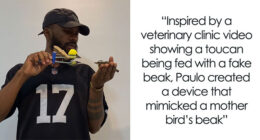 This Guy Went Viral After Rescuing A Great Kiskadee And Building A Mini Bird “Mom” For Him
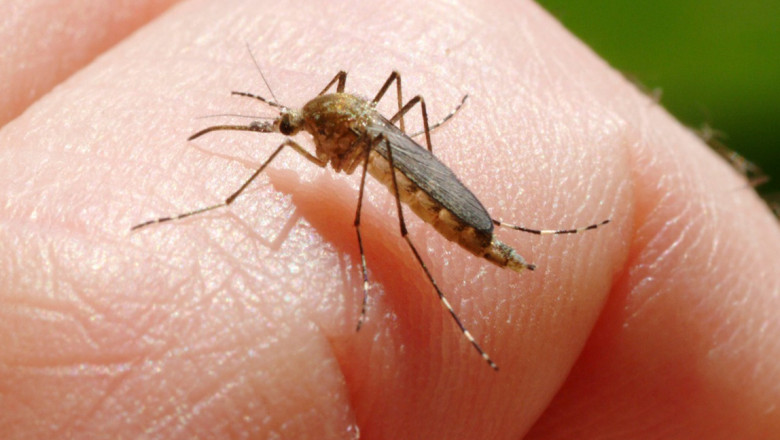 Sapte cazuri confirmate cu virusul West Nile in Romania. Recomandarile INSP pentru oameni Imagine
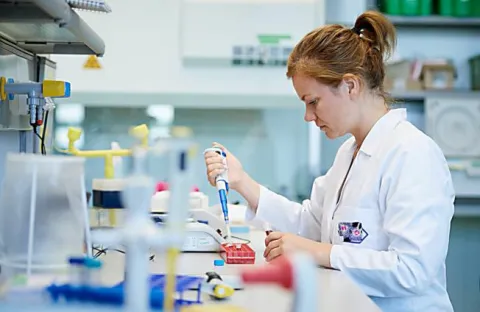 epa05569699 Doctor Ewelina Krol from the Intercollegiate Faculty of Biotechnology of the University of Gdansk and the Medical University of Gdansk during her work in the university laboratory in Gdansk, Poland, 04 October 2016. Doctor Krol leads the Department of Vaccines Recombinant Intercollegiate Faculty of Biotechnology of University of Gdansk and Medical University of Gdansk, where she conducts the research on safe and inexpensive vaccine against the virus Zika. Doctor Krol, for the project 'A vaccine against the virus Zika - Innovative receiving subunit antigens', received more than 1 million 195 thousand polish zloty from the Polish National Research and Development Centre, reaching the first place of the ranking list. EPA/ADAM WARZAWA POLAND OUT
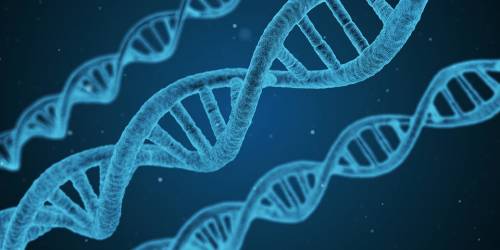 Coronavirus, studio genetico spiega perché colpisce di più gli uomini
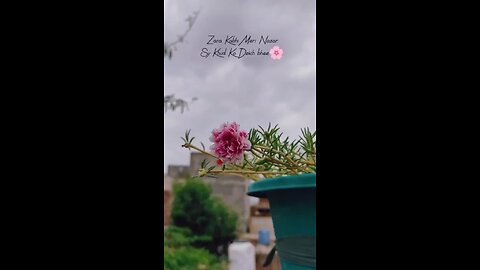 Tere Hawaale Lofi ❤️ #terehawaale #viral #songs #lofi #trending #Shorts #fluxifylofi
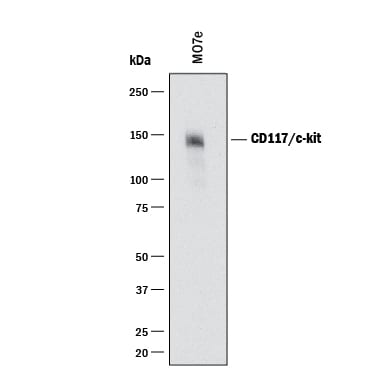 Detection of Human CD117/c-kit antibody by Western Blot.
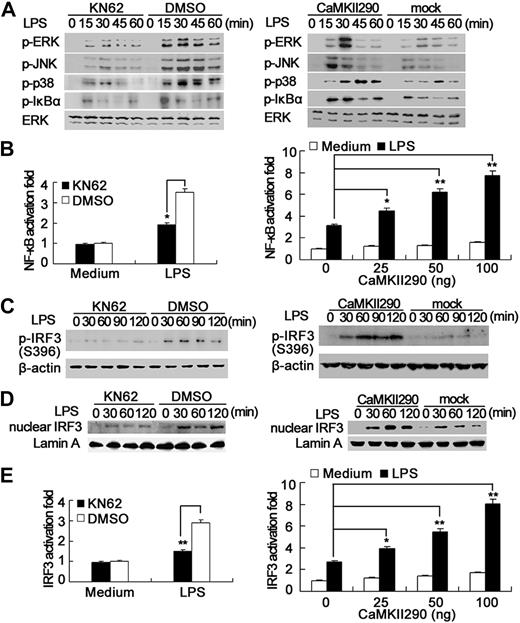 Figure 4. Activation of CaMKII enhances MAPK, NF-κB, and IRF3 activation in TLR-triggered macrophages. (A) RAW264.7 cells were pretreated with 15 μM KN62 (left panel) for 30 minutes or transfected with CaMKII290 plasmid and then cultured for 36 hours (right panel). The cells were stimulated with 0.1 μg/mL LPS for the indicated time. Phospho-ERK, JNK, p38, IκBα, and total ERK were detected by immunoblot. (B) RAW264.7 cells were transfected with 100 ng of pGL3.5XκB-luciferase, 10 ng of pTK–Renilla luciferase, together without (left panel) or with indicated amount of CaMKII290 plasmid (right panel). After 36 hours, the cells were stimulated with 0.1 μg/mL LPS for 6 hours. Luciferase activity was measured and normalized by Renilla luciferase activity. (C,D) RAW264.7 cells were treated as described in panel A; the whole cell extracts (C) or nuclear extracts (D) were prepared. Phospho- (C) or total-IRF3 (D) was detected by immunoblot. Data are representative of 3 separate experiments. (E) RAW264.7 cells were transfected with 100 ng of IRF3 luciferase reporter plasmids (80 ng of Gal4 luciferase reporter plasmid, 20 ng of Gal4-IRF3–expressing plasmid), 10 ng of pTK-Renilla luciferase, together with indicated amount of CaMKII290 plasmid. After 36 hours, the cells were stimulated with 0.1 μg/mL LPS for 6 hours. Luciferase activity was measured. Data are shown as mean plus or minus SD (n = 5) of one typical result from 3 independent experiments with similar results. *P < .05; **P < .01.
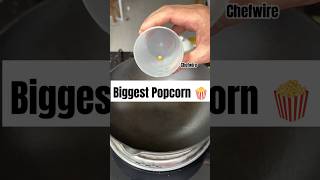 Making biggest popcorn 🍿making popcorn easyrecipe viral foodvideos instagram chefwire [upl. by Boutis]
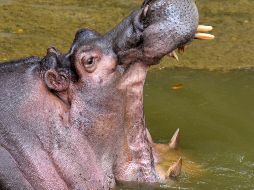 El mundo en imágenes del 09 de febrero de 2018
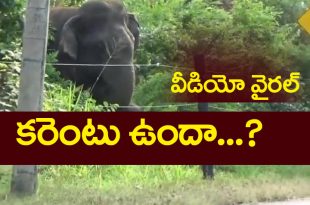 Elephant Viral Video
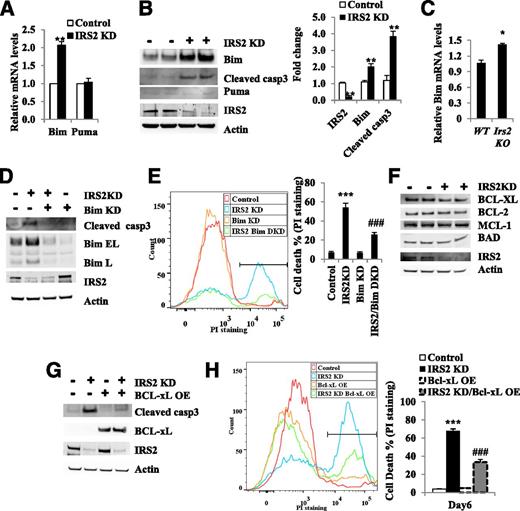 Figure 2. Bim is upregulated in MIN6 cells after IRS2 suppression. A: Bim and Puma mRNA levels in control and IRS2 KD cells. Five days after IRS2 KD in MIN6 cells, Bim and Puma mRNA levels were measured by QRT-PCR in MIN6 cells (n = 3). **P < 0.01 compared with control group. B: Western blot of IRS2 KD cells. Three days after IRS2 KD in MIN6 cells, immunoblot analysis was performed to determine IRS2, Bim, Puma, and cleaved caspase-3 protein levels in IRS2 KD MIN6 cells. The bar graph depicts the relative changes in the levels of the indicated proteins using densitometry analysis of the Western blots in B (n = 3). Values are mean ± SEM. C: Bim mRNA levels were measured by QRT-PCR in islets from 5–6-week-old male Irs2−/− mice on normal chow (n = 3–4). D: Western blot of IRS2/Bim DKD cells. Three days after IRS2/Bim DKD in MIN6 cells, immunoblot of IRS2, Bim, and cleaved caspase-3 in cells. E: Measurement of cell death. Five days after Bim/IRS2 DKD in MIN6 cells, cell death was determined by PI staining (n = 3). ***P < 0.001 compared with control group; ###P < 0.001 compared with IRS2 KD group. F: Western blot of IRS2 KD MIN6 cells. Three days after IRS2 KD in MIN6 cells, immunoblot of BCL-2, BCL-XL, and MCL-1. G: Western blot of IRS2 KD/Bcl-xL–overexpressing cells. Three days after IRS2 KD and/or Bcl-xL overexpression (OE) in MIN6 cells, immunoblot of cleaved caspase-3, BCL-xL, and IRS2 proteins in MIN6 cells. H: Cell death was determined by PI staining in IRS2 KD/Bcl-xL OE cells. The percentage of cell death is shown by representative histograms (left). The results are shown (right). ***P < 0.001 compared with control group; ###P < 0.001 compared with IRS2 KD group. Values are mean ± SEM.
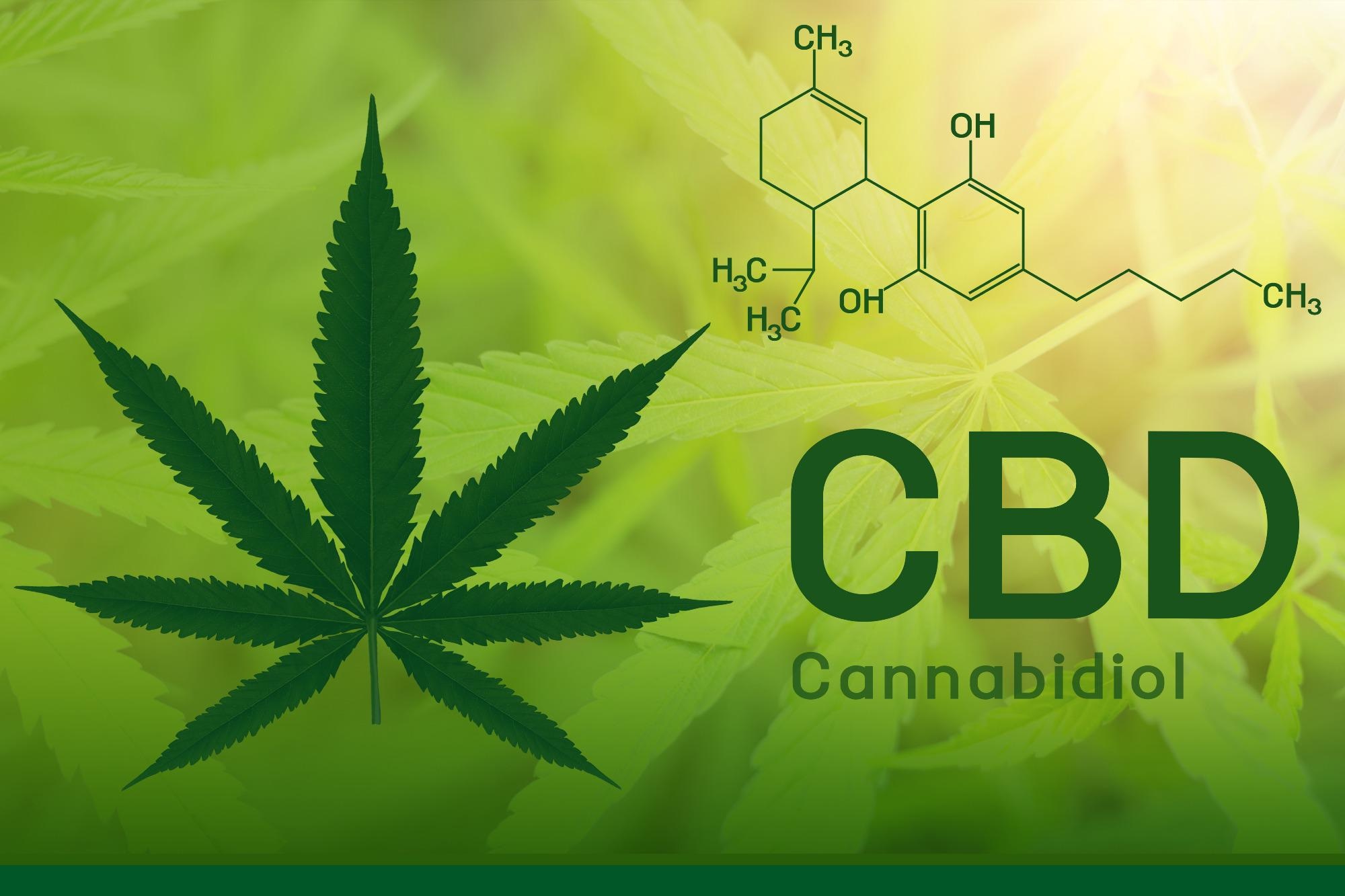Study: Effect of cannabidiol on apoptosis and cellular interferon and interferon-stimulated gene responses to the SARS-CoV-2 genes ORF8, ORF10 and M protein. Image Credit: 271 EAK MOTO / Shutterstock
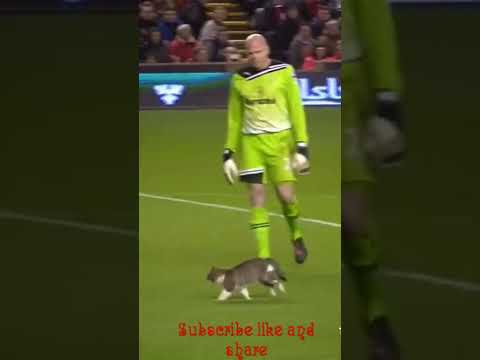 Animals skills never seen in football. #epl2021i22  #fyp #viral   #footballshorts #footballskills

[Task item]:
Without the pictures, return all the records precisely as they stand.

[Response]:
 This Guy Went Viral After Rescuing A Great Kiskadee And Building A Mini Bird “Mom” For Him
 Sapte cazuri confirmate cu virusul West Nile in Romania. Recomandarile INSP pentru oameni Imagine
 epa05569699 Doctor Ewelina Krol from the Intercollegiate Faculty of Biotechnology of the University of Gdansk and the Medical University of Gdansk during her work in the university laboratory in Gdansk, Poland, 04 October 2016. Doctor Krol leads the Department of Vaccines Recombinant Intercollegiate Faculty of Biotechnology of University of Gdansk and Medical University of Gdansk, where she conducts the research on safe and inexpensive vaccine against the virus Zika. Doctor Krol, for the project 'A vaccine against the virus Zika - Innovative receiving subunit antigens', received more than 1 million 195 thousand polish zloty from the Polish National Research and Development Centre, reaching the first place of the ranking list. EPA/ADAM WARZAWA POLAND OUT
 Coronavirus, studio genetico spiega perché colpisce di più gli uomini
 Tere Hawaale Lofi ❤️ #terehawaale #viral #songs #lofi #trending #Shorts #fluxifylofi
 Detection of Human CD117/c-kit antibody by Western Blot.
 Figure 4. Activation of CaMKII enhances MAPK, NF-κB, and IRF3 activation in TLR-triggered macrophages. (A) RAW264.7 cells were pretreated with 15 μM KN62 (left panel) for 30 minutes or transfected with CaMKII290 plasmid and then cultured for 36 hours (right panel). The cells were stimulated with 0.1 μg/mL LPS for the indicated time. Phospho-ERK, JNK, p38, IκBα, and total ERK were detected by immunoblot. (B) RAW264.7 cells were transfected with 100 ng of pGL3.5XκB-luciferase, 10 ng of pTK–Renilla luciferase, together without (left panel) or with indicated amount of CaMKII290 plasmid (right panel). After 36 hours, the cells were stimulated with 0.1 μg/mL LPS for 6 hours. Luciferase activity was measured and normalized by Renilla luciferase activity. (C,D) RAW264.7 cells were treated as described in panel A; the whole cell extracts (C) or nuclear extracts (D) were prepared. Phospho- (C) or total-IRF3 (D) was detected by immunoblot. Data are representative of 3 separate experiments. (E) RAW264.7 cells were transfected with 100 ng of IRF3 luciferase reporter plasmids (80 ng of Gal4 luciferase reporter plasmid, 20 ng of Gal4-IRF3–expressing plasmid), 10 ng of pTK-Renilla luciferase, together with indicated amount of CaMKII290 plasmid. After 36 hours, the cells were stimulated with 0.1 μg/mL LPS for 6 hours. Luciferase activity was measured. Data are shown as mean plus or minus SD (n = 5) of one typical result from 3 independent experiments with similar results. *P < .05; **P < .01.
 Making biggest popcorn 🍿making popcorn easyrecipe viral foodvideos instagram chefwire [upl. by Boutis]
 El mundo en imágenes del 09 de febrero de 2018
 Elephant Viral Video
 Figure 2. Bim is upregulated in MIN6 cells after IRS2 suppression. A: Bim and Puma mRNA levels in control and IRS2 KD cells. Five days after IRS2 KD in MIN6 cells, Bim and Puma mRNA levels were measured by QRT-PCR in MIN6 cells (n = 3). **P < 0.01 compared with control group. B: Western blot of IRS2 KD cells. Three days after IRS2 KD in MIN6 cells, immunoblot analysis was performed to determine IRS2, Bim, Puma, and cleaved caspase-3 protein levels in IRS2 KD MIN6 cells. The bar graph depicts the relative changes in the levels of the indicated proteins using densitometry analysis of the Western blots in B (n = 3). Values are mean ± SEM. C: Bim mRNA levels were measured by QRT-PCR in islets from 5–6-week-old male Irs2−/− mice on normal chow (n = 3–4). D: Western blot of IRS2/Bim DKD cells. Three days after IRS2/Bim DKD in MIN6 cells, immunoblot of IRS2, Bim, and cleaved caspase-3 in cells. E: Measurement of cell death. Five days after Bim/IRS2 DKD in MIN6 cells, cell death was determined by PI staining (n = 3). ***P < 0.001 compared with control group; ###P < 0.001 compared with IRS2 KD group. F: Western blot of IRS2 KD MIN6 cells. Three days after IRS2 KD in MIN6 cells, immunoblot of BCL-2, BCL-XL, and MCL-1. G: Western blot of IRS2 KD/Bcl-xL–overexpressing cells. Three days after IRS2 KD and/or Bcl-xL overexpression (OE) in MIN6 cells, immunoblot of cleaved caspase-3, BCL-xL, and IRS2 proteins in MIN6 cells. H: Cell death was determined by PI staining in IRS2 KD/Bcl-xL OE cells. The percentage of cell death is shown by representative histograms (left). The results are shown (right). ***P < 0.001 compared with control group; ###P < 0.001 compared with IRS2 KD group. Values are mean ± SEM.
Study: Effect of cannabidiol on apoptosis and cellular interferon and interferon-stimulated gene responses to the SARS-CoV-2 genes ORF8, ORF10 and M protein. Image Credit: 271 EAK MOTO / Shutterstock
 Animals skills never seen in football. #epl2021i22  #fyp #viral   #footballshorts #footballskills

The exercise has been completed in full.